◆ Dataset extract:
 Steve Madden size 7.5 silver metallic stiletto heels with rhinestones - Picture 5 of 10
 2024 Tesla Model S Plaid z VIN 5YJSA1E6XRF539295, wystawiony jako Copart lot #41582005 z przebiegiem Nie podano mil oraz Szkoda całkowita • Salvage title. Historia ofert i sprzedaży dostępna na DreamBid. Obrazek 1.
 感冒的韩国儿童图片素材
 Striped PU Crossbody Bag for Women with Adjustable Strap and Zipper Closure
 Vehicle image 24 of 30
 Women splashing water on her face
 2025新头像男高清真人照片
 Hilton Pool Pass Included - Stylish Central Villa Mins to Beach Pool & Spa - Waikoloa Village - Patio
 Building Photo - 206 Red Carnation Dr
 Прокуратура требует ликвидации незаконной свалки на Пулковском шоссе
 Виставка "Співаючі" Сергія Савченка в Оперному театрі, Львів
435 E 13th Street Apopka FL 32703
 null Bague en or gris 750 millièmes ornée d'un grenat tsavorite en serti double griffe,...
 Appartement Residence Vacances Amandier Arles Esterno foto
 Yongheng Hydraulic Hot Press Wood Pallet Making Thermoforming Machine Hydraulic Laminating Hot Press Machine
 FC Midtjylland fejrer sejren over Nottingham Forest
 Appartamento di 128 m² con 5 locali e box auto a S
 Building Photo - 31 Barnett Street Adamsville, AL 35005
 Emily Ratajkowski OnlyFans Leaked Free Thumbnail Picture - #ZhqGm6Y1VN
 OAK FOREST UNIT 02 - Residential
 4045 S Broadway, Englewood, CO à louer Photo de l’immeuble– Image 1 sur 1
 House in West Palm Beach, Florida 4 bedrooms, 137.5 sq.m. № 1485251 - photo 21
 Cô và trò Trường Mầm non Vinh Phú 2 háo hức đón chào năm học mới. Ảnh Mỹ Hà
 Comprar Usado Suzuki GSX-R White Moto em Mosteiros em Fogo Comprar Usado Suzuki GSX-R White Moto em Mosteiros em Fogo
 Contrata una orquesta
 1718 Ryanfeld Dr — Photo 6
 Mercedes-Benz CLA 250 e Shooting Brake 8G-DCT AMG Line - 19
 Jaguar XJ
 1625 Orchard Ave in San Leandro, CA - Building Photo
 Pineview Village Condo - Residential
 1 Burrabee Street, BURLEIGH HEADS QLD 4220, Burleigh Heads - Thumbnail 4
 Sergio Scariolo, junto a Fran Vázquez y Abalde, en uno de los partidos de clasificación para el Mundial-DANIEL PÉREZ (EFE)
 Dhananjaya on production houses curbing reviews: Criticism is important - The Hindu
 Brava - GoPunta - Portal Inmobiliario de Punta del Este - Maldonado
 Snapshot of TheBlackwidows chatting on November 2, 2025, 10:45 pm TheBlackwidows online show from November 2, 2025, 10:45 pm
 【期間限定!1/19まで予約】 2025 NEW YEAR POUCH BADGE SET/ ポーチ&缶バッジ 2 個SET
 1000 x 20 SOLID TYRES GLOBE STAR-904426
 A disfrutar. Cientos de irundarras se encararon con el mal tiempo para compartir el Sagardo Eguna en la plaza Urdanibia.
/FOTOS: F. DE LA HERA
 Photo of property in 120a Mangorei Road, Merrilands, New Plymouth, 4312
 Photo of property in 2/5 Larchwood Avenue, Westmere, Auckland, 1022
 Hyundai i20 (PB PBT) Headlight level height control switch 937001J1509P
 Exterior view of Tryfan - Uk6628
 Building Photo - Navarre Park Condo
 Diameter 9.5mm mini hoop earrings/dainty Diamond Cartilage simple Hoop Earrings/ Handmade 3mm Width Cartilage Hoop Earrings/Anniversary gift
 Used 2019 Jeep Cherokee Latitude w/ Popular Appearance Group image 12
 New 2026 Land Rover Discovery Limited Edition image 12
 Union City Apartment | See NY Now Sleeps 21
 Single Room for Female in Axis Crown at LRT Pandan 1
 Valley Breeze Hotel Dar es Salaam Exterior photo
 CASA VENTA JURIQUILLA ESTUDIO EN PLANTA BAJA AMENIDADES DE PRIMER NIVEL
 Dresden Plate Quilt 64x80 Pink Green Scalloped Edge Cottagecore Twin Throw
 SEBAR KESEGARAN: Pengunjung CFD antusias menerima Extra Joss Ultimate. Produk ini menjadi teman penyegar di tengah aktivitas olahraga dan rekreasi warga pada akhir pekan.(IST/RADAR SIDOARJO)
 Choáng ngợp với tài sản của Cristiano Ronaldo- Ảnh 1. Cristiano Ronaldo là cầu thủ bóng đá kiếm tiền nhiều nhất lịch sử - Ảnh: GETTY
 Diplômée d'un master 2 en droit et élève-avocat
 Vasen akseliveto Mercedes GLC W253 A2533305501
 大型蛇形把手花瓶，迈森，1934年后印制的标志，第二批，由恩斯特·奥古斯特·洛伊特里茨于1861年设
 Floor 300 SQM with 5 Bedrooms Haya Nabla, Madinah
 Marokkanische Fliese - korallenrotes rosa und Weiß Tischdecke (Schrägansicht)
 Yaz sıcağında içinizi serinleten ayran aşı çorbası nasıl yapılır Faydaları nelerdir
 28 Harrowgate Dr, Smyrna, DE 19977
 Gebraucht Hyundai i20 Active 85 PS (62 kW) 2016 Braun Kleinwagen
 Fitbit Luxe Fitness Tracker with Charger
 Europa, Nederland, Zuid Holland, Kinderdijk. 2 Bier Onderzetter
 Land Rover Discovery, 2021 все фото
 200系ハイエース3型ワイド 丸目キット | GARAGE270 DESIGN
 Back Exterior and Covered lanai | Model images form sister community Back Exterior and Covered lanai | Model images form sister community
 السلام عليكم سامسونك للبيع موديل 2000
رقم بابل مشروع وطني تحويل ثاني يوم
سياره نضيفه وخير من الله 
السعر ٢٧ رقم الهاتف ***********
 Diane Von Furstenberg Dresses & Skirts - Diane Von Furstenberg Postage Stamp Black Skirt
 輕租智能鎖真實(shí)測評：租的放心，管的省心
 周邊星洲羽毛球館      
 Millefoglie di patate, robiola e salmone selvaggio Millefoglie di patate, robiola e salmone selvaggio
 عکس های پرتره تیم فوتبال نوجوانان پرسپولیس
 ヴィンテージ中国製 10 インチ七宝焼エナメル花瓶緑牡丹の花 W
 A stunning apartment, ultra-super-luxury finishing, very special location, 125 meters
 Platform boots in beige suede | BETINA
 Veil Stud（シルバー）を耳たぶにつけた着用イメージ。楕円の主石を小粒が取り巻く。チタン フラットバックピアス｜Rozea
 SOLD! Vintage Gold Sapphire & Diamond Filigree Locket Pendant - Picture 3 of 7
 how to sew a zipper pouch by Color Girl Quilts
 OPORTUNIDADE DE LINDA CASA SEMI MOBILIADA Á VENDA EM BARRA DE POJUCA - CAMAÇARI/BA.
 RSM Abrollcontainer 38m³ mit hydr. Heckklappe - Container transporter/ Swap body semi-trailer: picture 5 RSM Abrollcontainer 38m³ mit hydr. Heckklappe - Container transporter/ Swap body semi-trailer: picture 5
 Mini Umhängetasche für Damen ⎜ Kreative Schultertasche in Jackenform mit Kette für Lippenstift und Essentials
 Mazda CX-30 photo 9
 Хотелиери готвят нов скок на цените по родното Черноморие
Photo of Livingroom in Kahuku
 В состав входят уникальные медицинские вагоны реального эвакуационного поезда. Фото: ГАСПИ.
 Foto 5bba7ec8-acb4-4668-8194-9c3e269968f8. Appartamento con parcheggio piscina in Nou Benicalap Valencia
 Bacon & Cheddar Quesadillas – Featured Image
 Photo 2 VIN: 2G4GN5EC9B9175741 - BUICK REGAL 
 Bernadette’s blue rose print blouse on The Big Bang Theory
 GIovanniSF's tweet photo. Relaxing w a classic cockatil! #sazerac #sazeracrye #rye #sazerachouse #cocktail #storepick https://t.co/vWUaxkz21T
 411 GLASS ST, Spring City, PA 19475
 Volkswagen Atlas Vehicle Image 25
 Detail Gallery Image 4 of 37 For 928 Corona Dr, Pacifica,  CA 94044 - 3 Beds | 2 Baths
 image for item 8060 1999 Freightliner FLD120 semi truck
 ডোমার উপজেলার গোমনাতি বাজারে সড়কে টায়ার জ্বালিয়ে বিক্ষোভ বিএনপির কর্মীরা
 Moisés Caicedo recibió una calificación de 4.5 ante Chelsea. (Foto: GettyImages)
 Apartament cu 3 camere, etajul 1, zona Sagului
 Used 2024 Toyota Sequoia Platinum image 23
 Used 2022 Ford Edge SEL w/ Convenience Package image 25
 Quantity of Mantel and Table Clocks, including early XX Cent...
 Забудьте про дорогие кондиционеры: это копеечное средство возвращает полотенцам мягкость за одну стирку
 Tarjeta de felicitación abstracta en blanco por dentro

◆ Task statement: Only the lines that contain the word "Building" should be copied from the material.

◆ Response to the task:
 Building Photo - 206 Red Carnation Dr
 Building Photo - 31 Barnett Street Adamsville, AL 35005
 1625 Orchard Ave in San Leandro, CA - Building Photo
 Building Photo - Navarre Park Condo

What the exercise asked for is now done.